Mieszkańcy Trzebini odczuwają wstrząsy i boją się kolejnych zapadlisk. Burmistrz napisał do Tauronu
Mieszkańcy Trzebini obawiają się kolejnej katastrofy spowodowanej działalnością górniczą. W mediach społecznościowych burmistrz miasta Jarosław Okoczuk poinformował o intensywnych wstrząsach odczuwalnych w Trzebini. Niedawno doszło tam do powstania zapadliska na cmentarzu parafialnym. Okoczuk pisemnie zwrócił się do spółki Tauron Wydobycie z prośbą o wyjaśnienia dotyczące eksploatacji złóż węgla przez ZG Sobieski w Jaworznie, podejrzewając, że praca kopalni może być przyczyną niepokojących wstrząsów w Trzebini. - Bardzo niepokoją mnie wstrząsy, które w ostatnim czasie intensywnie odczuwamy w naszej gminie. W Państwa imieniu zwróciłem się do Prezesa Tauron Wydobycie z pismem, w którym proszę go o udzielenie odpowiedzi na pytania, które często sami mi zadajecie. Pytam m.in. o to, czy i jak eksploatacja złóż węgla przez ZG Sobieski i jej „efekty”, które odczuwamy na powierzchni, mogą wpłynąć na sytuację geologiczną - w kontekście zapadlisk nasze bezpieczeństwo jest najważniejsze. Interesuje mnie również, w jaki sposób Tauron Wydobycie zamierza zadośćuczynić Mieszkańcom w razie ewentualnych uszkodzeń budynków przez wstrząsy - napisał na FB Jarosław Okoczuk, burmistrz Trzebini.

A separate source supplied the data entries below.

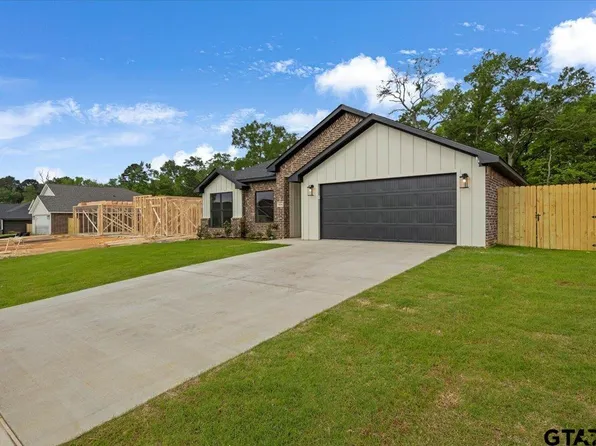 16226 Crossing Cir, Lindale, TX 75771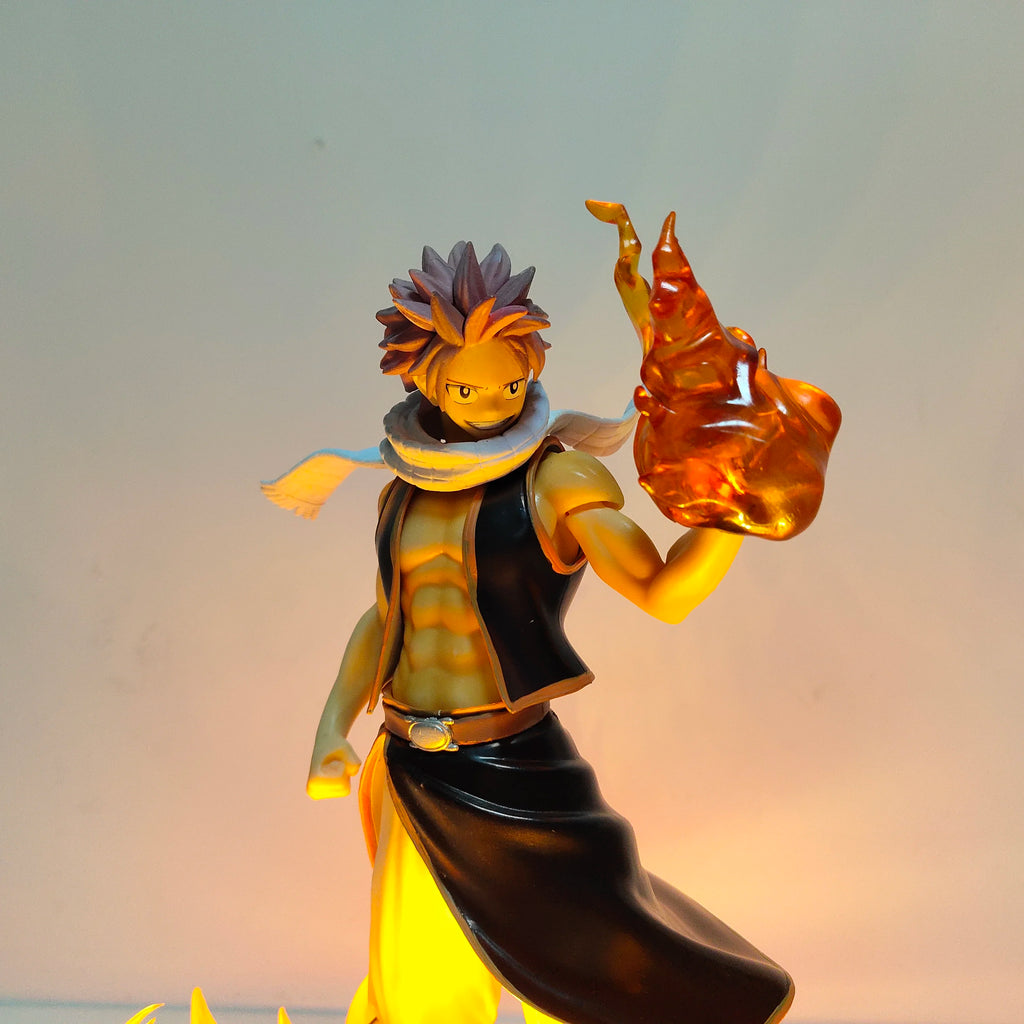 FAIRY TAIL Anime Natsu • Dragneel Led Lampe Birne Action Figuren Modell Figur Figur &amp; Basis &amp; Lampe DIY Spielzeug Sammlung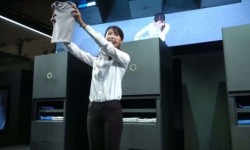 全自動疊衫機(jī)Laundroid 1：10分鐘疊完一件讓人著急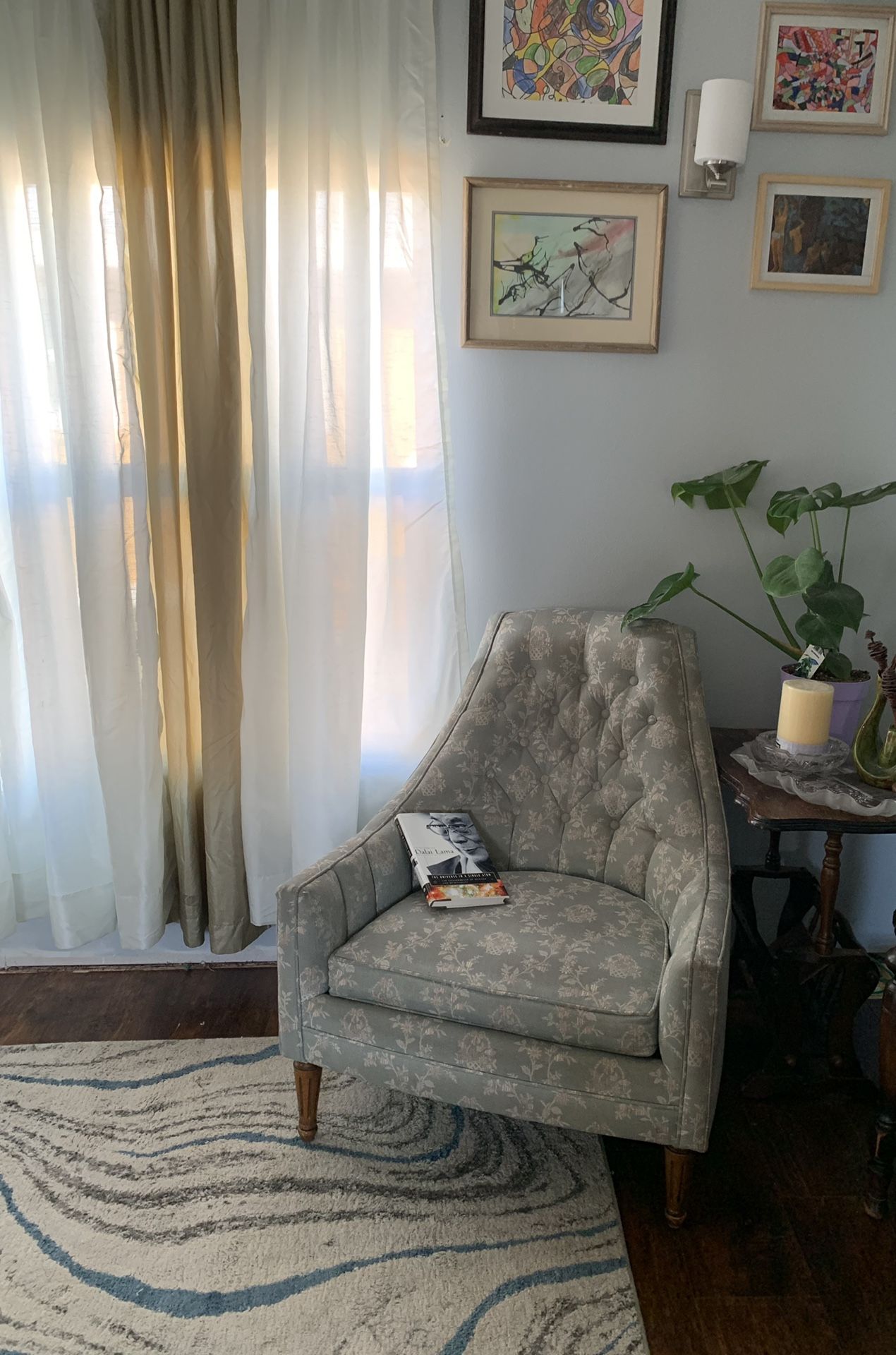 Vintages accent chair like (Lillian August Accent Chair style)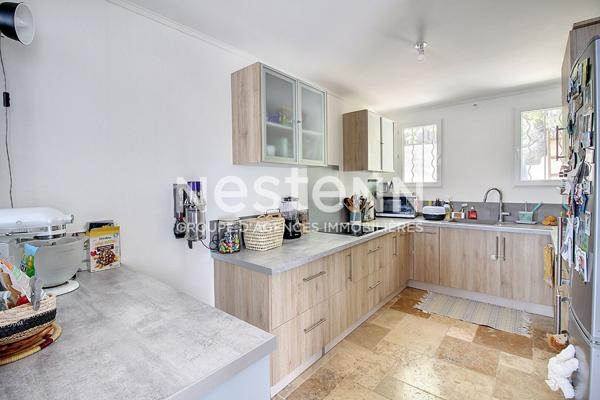 A VENDRE DRAGUIGNAN Maison 6 pièces 139 m² sur 735 m² de terrain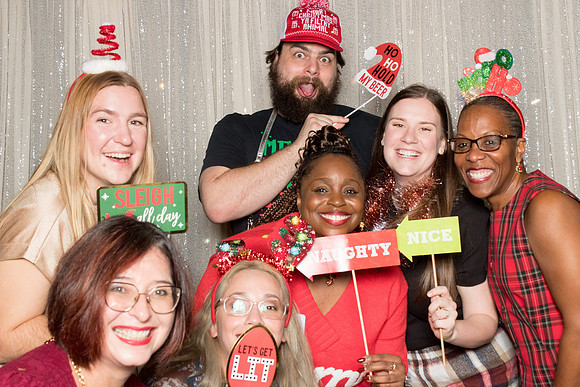 10228 - Forvis Mazars Holiday Photobooth 2025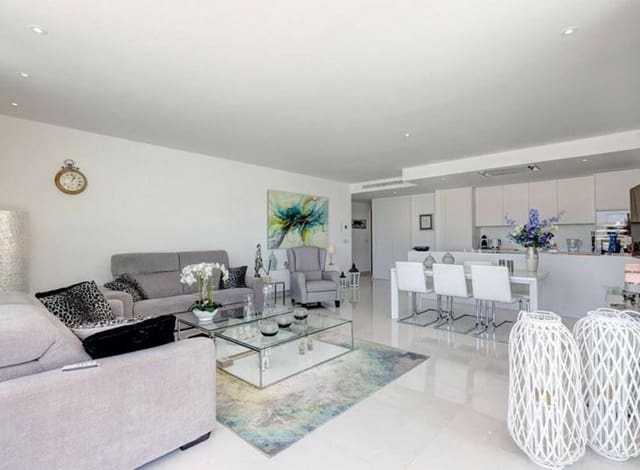 3 sypialnia Apartament do wynajęcia w Nueva Atalaya, Estepona z basenem garażem - 3 500 € (Ref: 9500958)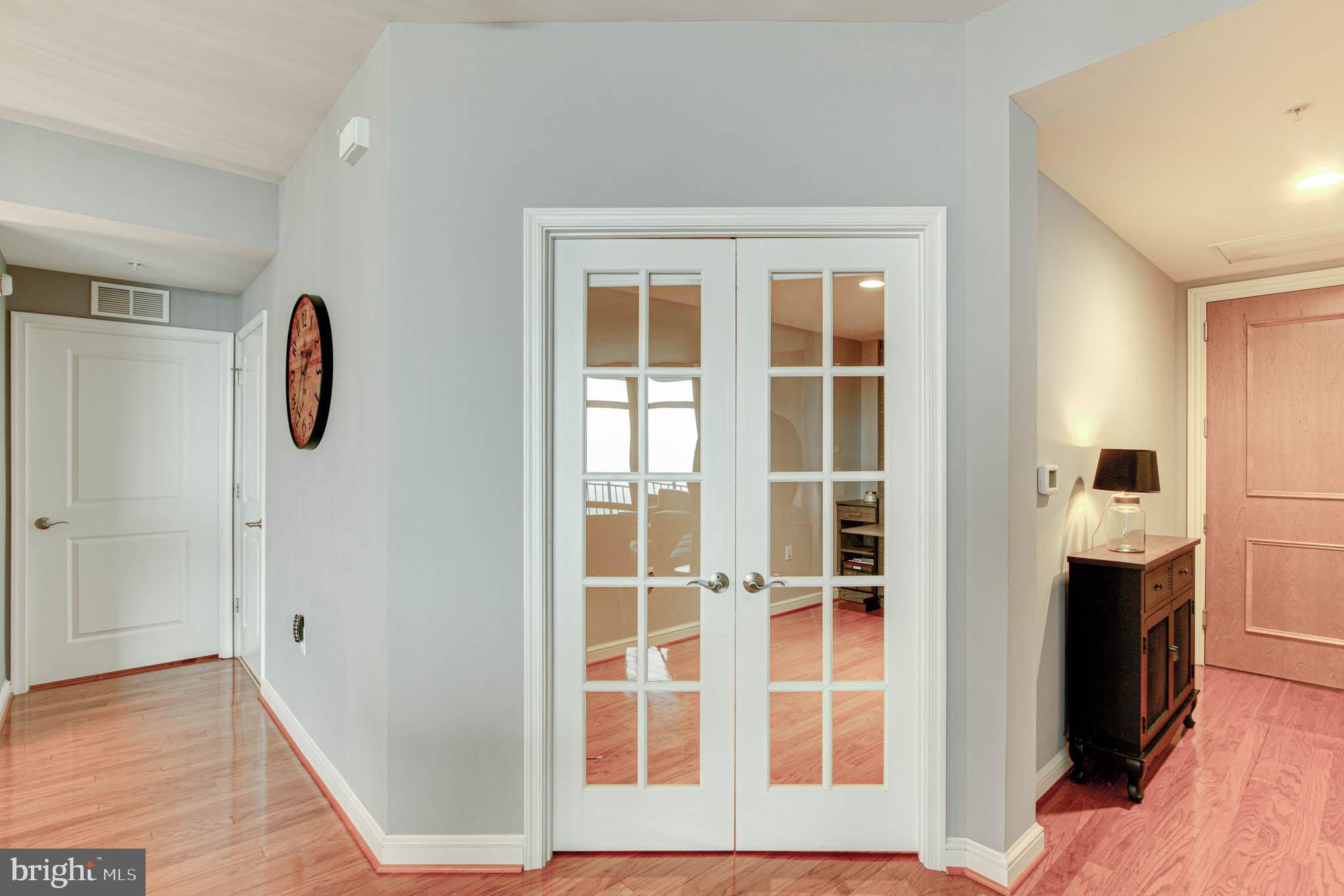 11990 Market Street, Unit 1301 Reston, VA 20190 - Photo 21 of 83 Library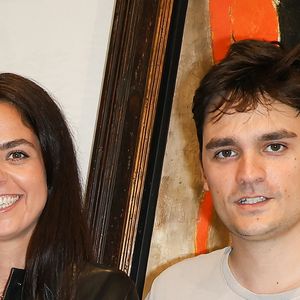 Anouchka Delon et Alain-Fabien Delon au cocktail à l'issue de la conférence de presse pour la vente de la collection Alain Delon chez Bonhams Cornette de Saint Cyr à Paris le 19 juin 2023. © Coadic Guirec/Bestimage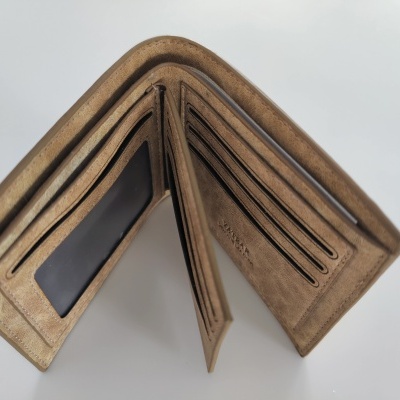 Carteira masculina castanha em couro com vários cartões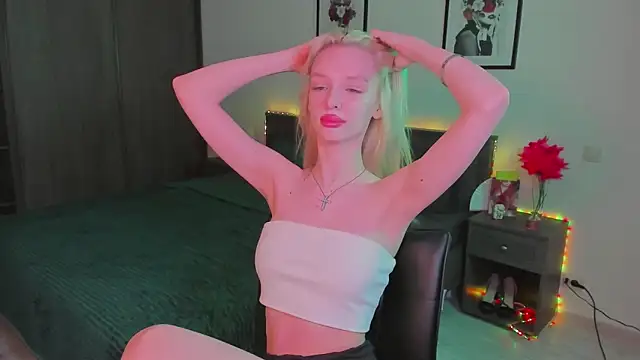 Snapshot of AleksaBlonde chatting on 03.16.25 AleksaBlonde online show from 03.16.25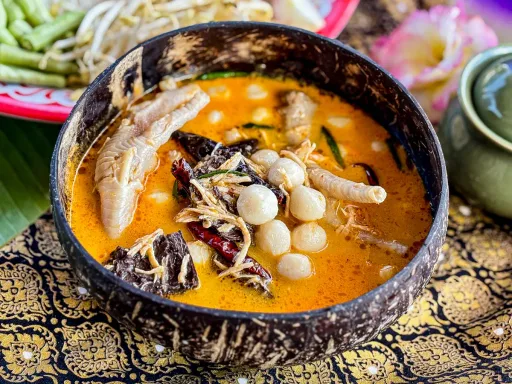 Curry de patas de pollo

Zapadlisko w Trzebini. Na cmentarzu osunęła się ziemia
Pod koniec września na cmentarzu parafialnym w Trzebini powstało potężne zapadlisko. Jego efektem było zniszczenie 40 grobów, w których spoczywało 61 ciał zmarłych, a powstały wówczas lej miał 10 metrów głębokości i 20 metrów średnicy. Na szczęście w wyniku zdarzeniu nikt nie ucierpiał fizycznie. W tym przypadku niemożliwe okazało się przeprowadzenie ekshumacji zmarłych spoczywających w grobowcach, które uległy zniszczeniu. Zapadlisko na cmentarzu w Trzebini zostało już zasypane.